Let's have a look at the price/performance comparison. In this chart, which does not consider the Intel quad-core processor QX6700, there is a striking difference between the performance-per-dollar values for Intel and AMD. In fact, the standard deviation for Intel's "performance per dollar" is about twice that of AMD.
In case of AMD, almost every processor currently lines up almost perfectly with an exponential price/performance trend curve, translating in a very balanced market pricing of each processor. Intel's processor prices, on the other hand, is much more radically spread out and still have to find their spots.
The Pentium Extreme Edition processors (965 and 955) are clearly overpriced at this time. At a little over $1000, the level of performance is not nearly as high as would be expected. On the flip side, there are some processors that are remarkably under-priced for the level of performance they provide. The Core 2 Duo processors (E6700 and E6600), for example, flatten the trendline for Intel and are priced more than $100 below Intel's exponential curve.
However, overclockers still find the best value in today's market with the Pentium D 805, which is currently available for an average price of $98. When overclocked to 4.1 GHz, it provides roughly the same level of performance as the $1081 Pentium EE 965, or the $546 AMD Athlon 64 FX-60.
If you are undecided which processor to buy, our chart indicates that at least at this time, AMD processors provide more bang for the buck in the mainstream segment of the market. Until a performance index of about 1.6, which includes CPUs up to the Athlon 64 X2 4600+, the blue team remains at a disadvantage.
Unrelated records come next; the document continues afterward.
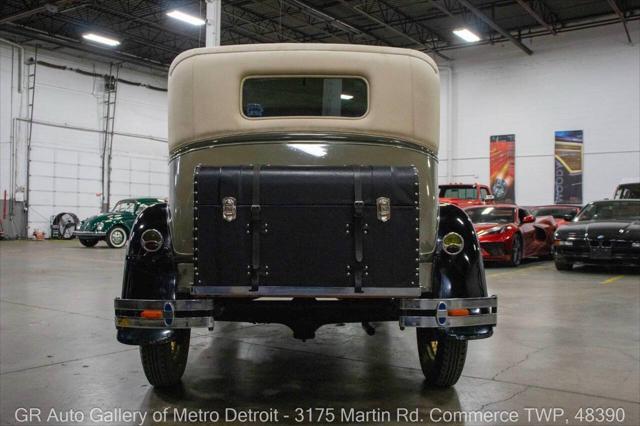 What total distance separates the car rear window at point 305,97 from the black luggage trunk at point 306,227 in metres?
0.55

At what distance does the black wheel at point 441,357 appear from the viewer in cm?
319

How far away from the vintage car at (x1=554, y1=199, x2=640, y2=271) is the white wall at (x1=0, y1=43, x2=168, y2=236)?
18349 millimetres

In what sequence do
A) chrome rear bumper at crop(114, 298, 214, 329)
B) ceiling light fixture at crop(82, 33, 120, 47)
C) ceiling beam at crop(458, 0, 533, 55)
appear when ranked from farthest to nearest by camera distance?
ceiling light fixture at crop(82, 33, 120, 47) → ceiling beam at crop(458, 0, 533, 55) → chrome rear bumper at crop(114, 298, 214, 329)

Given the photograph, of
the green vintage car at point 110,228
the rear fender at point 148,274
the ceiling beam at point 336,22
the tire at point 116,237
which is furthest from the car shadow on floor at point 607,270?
the tire at point 116,237

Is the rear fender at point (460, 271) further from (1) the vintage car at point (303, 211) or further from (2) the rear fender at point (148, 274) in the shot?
(2) the rear fender at point (148, 274)

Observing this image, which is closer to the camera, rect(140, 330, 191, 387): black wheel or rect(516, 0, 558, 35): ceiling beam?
rect(140, 330, 191, 387): black wheel

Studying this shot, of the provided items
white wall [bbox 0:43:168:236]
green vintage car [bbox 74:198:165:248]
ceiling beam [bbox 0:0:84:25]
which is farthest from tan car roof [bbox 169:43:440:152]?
white wall [bbox 0:43:168:236]

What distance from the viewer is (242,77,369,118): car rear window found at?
9.95 feet

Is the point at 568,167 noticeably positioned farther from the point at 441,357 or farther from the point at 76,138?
the point at 441,357

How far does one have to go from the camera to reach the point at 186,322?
107 inches

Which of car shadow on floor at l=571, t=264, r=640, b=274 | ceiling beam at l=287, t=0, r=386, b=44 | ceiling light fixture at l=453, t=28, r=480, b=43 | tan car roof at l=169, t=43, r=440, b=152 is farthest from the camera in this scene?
ceiling light fixture at l=453, t=28, r=480, b=43

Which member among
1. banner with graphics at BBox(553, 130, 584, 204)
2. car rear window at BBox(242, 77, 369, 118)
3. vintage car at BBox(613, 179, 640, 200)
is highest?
banner with graphics at BBox(553, 130, 584, 204)

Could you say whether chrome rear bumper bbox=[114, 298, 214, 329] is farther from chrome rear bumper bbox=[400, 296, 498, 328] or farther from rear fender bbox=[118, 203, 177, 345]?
chrome rear bumper bbox=[400, 296, 498, 328]

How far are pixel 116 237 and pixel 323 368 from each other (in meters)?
14.0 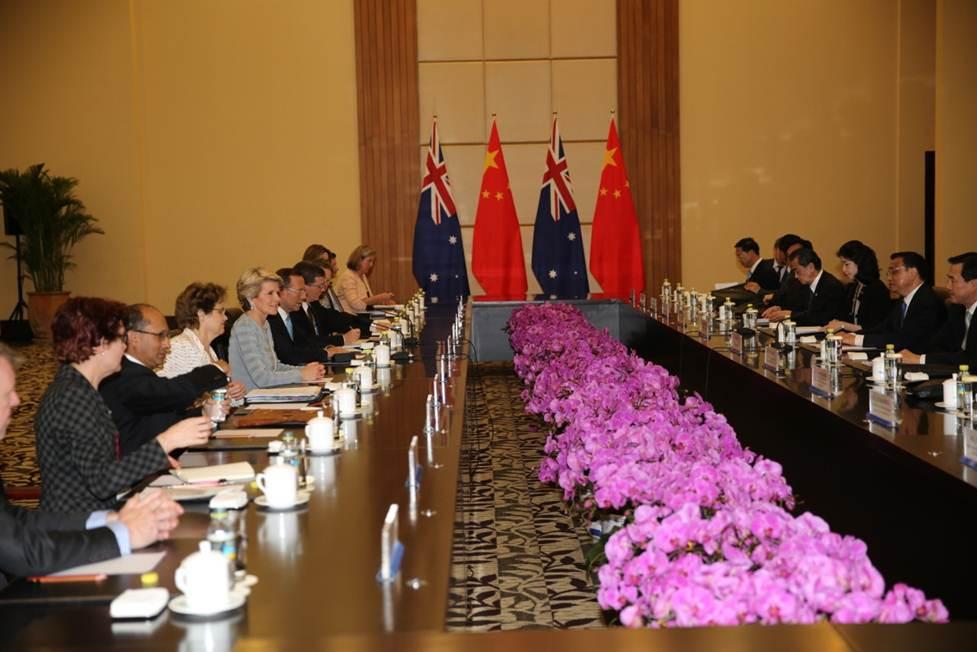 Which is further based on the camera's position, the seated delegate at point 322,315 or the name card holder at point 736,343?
the seated delegate at point 322,315

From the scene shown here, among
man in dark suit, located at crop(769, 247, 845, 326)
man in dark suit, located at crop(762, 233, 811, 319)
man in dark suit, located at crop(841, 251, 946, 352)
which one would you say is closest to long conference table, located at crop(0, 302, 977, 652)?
man in dark suit, located at crop(841, 251, 946, 352)

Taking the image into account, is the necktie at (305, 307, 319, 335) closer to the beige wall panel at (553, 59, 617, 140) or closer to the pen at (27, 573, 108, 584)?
the pen at (27, 573, 108, 584)

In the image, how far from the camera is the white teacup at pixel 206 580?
1871 mm

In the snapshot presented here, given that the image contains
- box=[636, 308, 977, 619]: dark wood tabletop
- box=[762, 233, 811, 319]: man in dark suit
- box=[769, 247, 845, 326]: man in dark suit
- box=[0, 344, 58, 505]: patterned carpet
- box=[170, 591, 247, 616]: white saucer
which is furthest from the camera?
box=[762, 233, 811, 319]: man in dark suit

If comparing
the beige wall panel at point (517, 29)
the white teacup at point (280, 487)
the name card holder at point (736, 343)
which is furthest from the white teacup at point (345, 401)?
the beige wall panel at point (517, 29)

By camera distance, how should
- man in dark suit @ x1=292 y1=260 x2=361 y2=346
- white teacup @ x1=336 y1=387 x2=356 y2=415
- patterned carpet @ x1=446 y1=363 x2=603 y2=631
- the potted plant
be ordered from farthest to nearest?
the potted plant
man in dark suit @ x1=292 y1=260 x2=361 y2=346
white teacup @ x1=336 y1=387 x2=356 y2=415
patterned carpet @ x1=446 y1=363 x2=603 y2=631

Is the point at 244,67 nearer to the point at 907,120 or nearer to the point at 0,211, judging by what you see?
the point at 0,211

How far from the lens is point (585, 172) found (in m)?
12.0

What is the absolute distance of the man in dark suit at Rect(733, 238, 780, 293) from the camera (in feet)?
31.7

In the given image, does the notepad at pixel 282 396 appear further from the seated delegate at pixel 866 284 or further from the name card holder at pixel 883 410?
the seated delegate at pixel 866 284

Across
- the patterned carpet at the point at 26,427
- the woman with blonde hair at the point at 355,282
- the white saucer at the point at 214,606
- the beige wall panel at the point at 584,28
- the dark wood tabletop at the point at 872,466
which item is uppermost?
the beige wall panel at the point at 584,28

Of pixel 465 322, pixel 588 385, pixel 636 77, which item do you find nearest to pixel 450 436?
pixel 588 385

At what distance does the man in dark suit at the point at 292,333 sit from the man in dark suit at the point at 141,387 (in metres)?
2.01

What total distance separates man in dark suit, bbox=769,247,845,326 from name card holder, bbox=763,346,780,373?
2714 mm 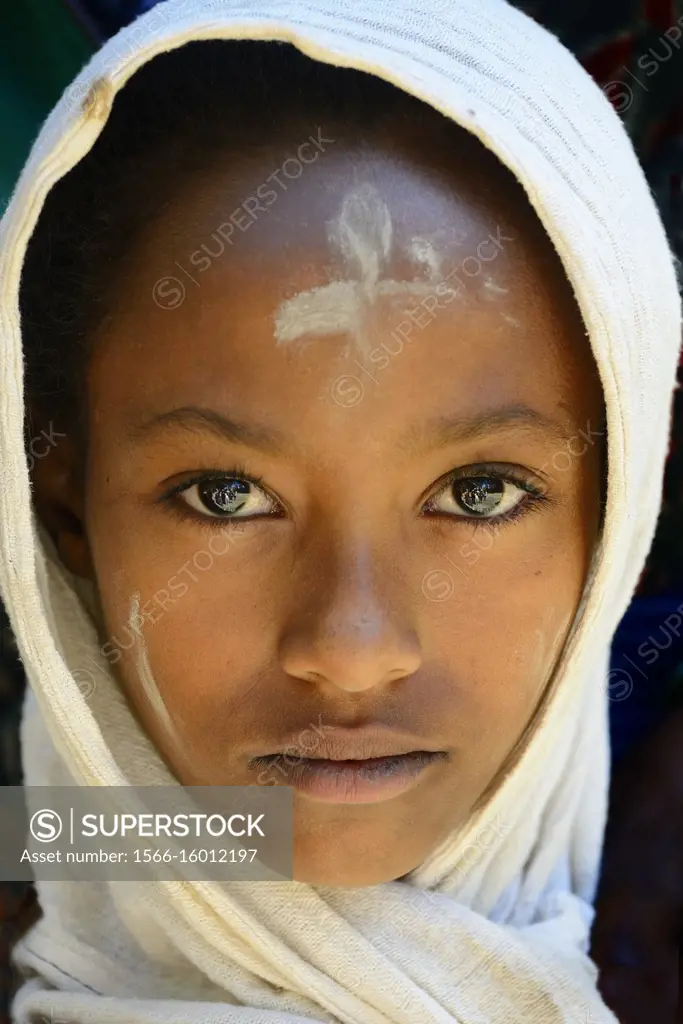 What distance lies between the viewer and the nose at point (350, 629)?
0.81 m

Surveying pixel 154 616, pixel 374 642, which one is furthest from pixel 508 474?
pixel 154 616

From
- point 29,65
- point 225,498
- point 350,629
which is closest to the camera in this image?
point 350,629

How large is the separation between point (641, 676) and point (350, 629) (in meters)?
0.83

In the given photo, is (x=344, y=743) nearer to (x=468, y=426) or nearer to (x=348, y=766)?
(x=348, y=766)

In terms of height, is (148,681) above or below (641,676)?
below

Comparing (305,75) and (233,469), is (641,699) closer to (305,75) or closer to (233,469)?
(233,469)

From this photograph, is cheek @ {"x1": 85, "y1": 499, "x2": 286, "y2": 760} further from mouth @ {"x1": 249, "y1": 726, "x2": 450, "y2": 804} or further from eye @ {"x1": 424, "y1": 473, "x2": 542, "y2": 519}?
eye @ {"x1": 424, "y1": 473, "x2": 542, "y2": 519}

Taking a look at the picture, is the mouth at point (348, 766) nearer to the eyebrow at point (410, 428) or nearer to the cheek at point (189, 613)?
the cheek at point (189, 613)

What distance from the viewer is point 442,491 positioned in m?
0.89

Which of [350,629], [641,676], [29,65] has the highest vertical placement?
[29,65]

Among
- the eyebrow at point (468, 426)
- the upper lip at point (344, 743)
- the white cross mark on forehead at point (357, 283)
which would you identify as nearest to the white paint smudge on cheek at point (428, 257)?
the white cross mark on forehead at point (357, 283)

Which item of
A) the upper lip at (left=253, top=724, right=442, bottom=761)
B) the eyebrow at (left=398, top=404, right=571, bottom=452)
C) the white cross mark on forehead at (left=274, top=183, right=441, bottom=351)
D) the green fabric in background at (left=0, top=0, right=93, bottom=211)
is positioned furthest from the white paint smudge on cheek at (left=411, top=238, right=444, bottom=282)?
the green fabric in background at (left=0, top=0, right=93, bottom=211)

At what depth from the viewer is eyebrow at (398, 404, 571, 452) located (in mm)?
829

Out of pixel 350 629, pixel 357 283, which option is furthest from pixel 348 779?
pixel 357 283
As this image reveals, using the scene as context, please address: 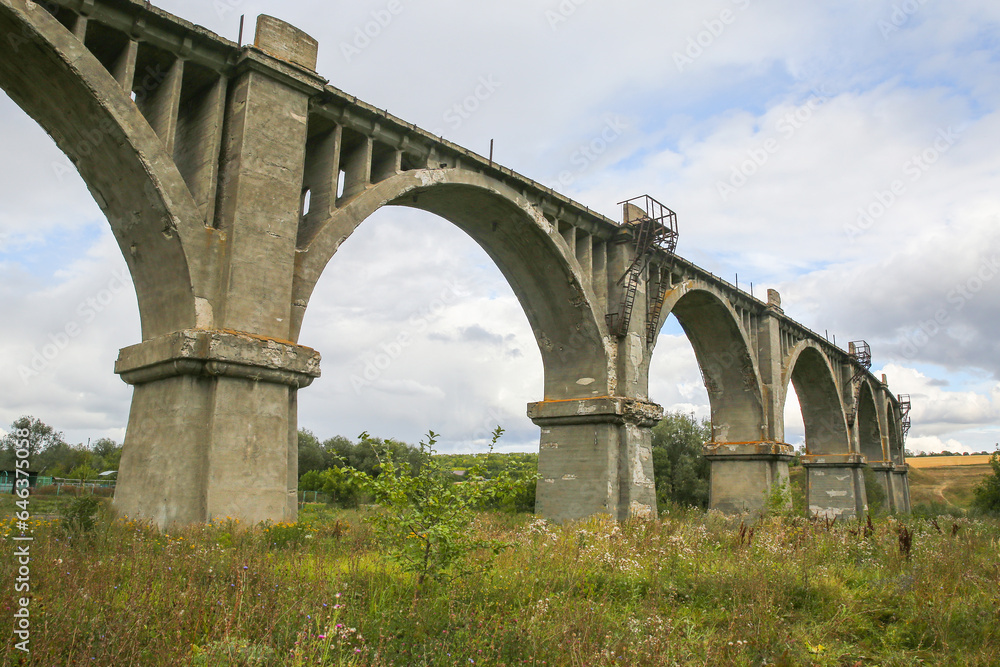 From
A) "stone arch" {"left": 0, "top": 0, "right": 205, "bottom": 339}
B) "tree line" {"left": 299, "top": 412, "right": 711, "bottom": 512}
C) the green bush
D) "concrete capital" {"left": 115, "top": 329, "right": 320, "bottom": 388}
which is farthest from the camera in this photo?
"tree line" {"left": 299, "top": 412, "right": 711, "bottom": 512}

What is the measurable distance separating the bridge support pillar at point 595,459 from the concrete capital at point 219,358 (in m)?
6.75

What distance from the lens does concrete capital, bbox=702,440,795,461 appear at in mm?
19359

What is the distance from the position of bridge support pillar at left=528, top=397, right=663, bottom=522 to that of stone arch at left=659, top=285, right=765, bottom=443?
639cm

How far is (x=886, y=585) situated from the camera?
6.49 metres

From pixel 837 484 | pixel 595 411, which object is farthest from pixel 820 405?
pixel 595 411

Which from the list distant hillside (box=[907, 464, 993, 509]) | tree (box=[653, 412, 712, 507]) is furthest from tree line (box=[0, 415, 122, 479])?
distant hillside (box=[907, 464, 993, 509])

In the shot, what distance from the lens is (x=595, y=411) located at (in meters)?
13.5

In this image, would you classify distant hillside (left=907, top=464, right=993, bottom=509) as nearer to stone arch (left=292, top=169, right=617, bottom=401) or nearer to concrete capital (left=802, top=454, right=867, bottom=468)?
concrete capital (left=802, top=454, right=867, bottom=468)

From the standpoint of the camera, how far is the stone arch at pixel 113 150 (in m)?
7.17

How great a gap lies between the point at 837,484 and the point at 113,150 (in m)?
26.5

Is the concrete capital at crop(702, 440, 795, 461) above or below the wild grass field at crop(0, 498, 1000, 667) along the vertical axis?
above

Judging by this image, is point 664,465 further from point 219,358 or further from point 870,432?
point 219,358

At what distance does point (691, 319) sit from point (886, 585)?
46.2 ft

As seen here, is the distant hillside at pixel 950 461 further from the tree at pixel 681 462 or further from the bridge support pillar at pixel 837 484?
the bridge support pillar at pixel 837 484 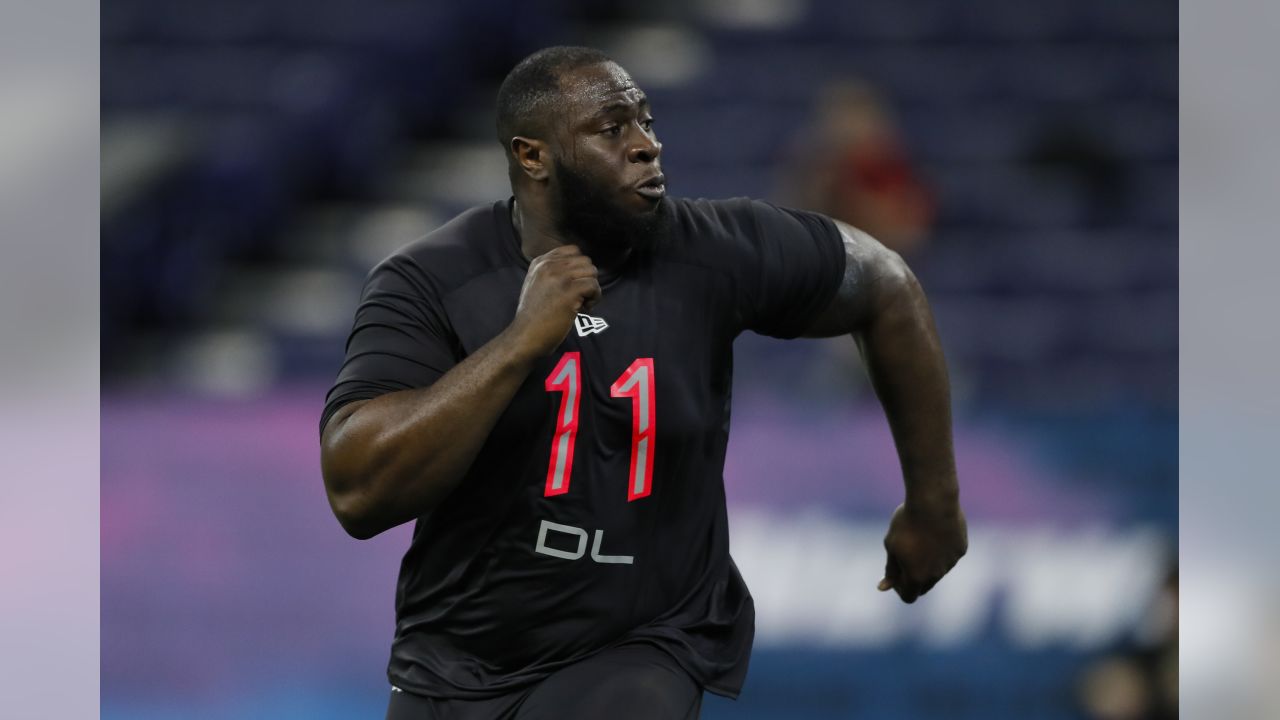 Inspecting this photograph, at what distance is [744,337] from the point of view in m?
4.45

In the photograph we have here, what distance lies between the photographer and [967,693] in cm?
438

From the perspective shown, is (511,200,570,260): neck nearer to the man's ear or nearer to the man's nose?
the man's ear

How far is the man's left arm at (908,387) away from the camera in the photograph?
2.54 m

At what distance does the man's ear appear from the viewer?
92.7 inches

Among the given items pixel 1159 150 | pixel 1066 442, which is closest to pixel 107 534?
pixel 1066 442

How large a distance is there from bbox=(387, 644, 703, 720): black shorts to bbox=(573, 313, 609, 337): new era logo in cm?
47

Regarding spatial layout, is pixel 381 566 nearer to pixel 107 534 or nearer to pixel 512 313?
pixel 107 534

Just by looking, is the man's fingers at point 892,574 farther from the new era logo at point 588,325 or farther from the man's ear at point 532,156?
the man's ear at point 532,156

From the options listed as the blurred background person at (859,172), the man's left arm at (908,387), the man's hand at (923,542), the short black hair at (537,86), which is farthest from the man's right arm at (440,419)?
the blurred background person at (859,172)

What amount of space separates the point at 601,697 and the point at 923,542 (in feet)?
2.33

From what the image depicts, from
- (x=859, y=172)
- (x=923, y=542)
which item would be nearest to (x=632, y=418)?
(x=923, y=542)

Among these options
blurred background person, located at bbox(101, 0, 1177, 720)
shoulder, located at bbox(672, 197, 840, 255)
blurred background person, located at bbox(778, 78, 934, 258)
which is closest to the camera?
shoulder, located at bbox(672, 197, 840, 255)

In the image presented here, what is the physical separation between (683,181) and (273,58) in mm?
1279

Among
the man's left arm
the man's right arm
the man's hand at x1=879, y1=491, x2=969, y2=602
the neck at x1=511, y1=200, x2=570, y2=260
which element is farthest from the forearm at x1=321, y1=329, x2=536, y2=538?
the man's hand at x1=879, y1=491, x2=969, y2=602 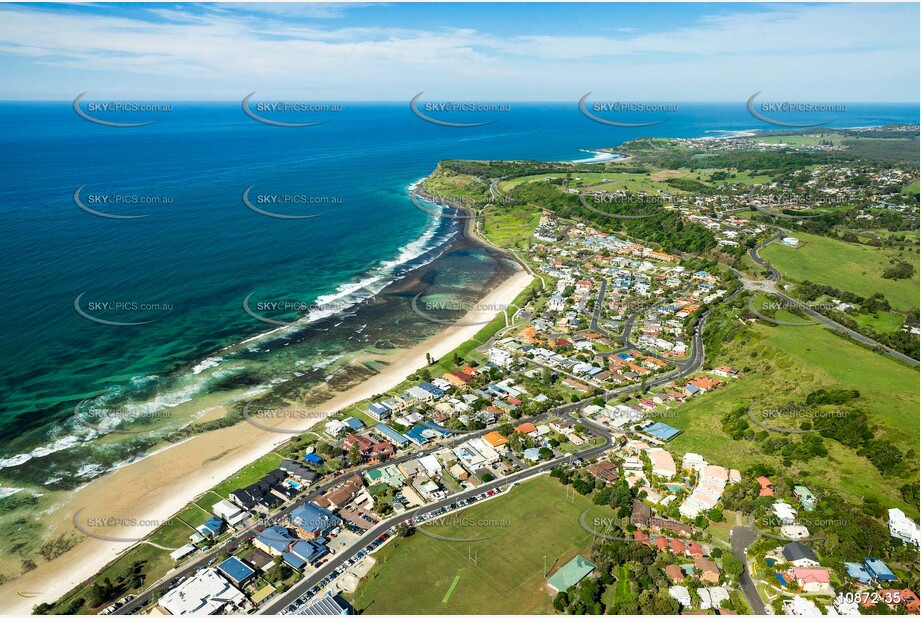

AMD has in fact seen improvements since our first set of charts in July. On 20 July, our first graph showed that AMD's entire price-performance curve was above Intel's. However, after AMD cut prices on the 64 X2 series, it took over the advantage in the area of low-end processors. Then, as AMD prices continued to fall, Intel's top processors took price cuts, creating the dichotomy we have now. Our graph from 25 August, looks fairly similar to what it's like today. However, the the Core 2 Extreme QX6700 on the way, there may be a new shift on the way.
When including Intel's Core 2 Extreme QX6700 in the curve - we are using an expected retail price of $1200 for this model, the blue performance curve is slightly flattened, while AMD's current prices receive more pressure. However, AMD's curve will change significantly with the introduction of the 4x4 platform, which will - as we heard - will be available for about $800-$900 in packages of two dual-core processors.
We will have to wait for first benchmark data to determine how much of a value AMD's 4x4 systems will be. According to our curve and assuming a price of $900 - or 27% more than a current FX-62 - 4x4 will need to be 55% faster than a FX-62 system to undercut Intel's price/performance curve.